Start of DATA EXCERPT

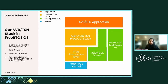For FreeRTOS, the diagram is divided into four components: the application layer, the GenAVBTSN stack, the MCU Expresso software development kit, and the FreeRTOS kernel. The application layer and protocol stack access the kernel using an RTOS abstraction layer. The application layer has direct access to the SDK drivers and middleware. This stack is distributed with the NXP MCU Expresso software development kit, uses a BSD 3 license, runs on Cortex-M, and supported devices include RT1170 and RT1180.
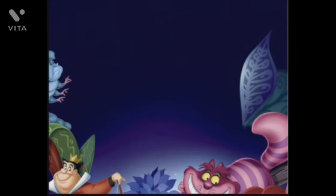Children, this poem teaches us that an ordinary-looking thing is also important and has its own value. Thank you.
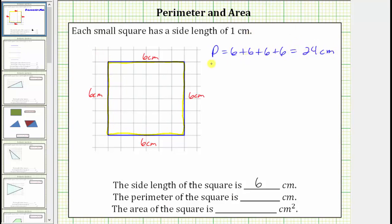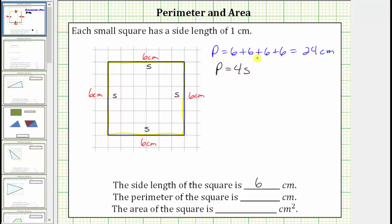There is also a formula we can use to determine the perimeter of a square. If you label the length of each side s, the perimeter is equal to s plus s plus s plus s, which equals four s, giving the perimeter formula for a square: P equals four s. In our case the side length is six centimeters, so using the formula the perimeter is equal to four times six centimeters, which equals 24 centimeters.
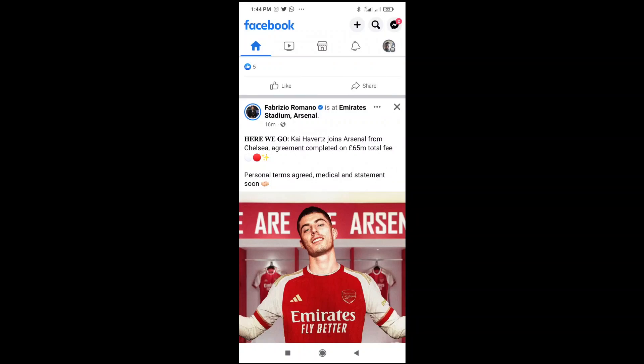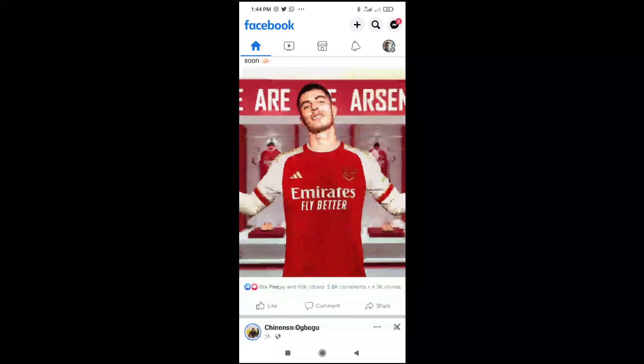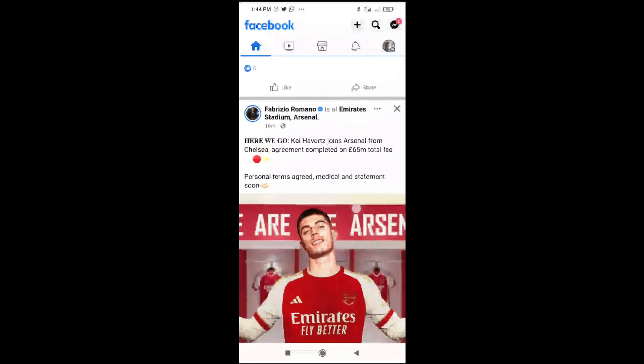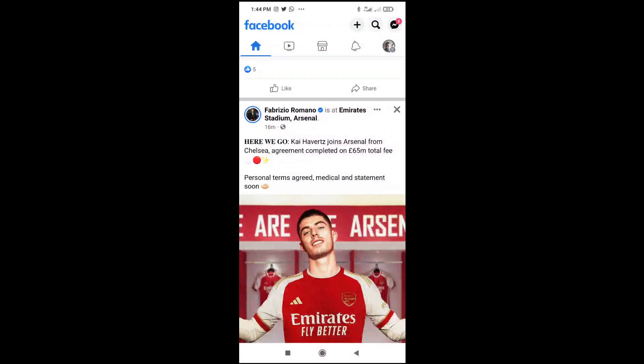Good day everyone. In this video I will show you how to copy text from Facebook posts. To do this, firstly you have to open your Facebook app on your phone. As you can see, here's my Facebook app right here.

End of DATA EXCERPT

■ **TASK DIRECTIONS**: Every line between the start of the listing and the line containing "Children, this poem", both ends counted, needs to be printed exactly, minus the pictures.

■ **RESULT BELOW**:
For FreeRTOS, the diagram is divided into four components: the application layer, the GenAVBTSN stack, the MCU Expresso software development kit, and the FreeRTOS kernel. The application layer and protocol stack access the kernel using an RTOS abstraction layer. The application layer has direct access to the SDK drivers and middleware. This stack is distributed with the NXP MCU Expresso software development kit, uses a BSD 3 license, runs on Cortex-M, and supported devices include RT1170 and RT1180.
Children, this poem teaches us that an ordinary-looking thing is also important and has its own value. Thank you.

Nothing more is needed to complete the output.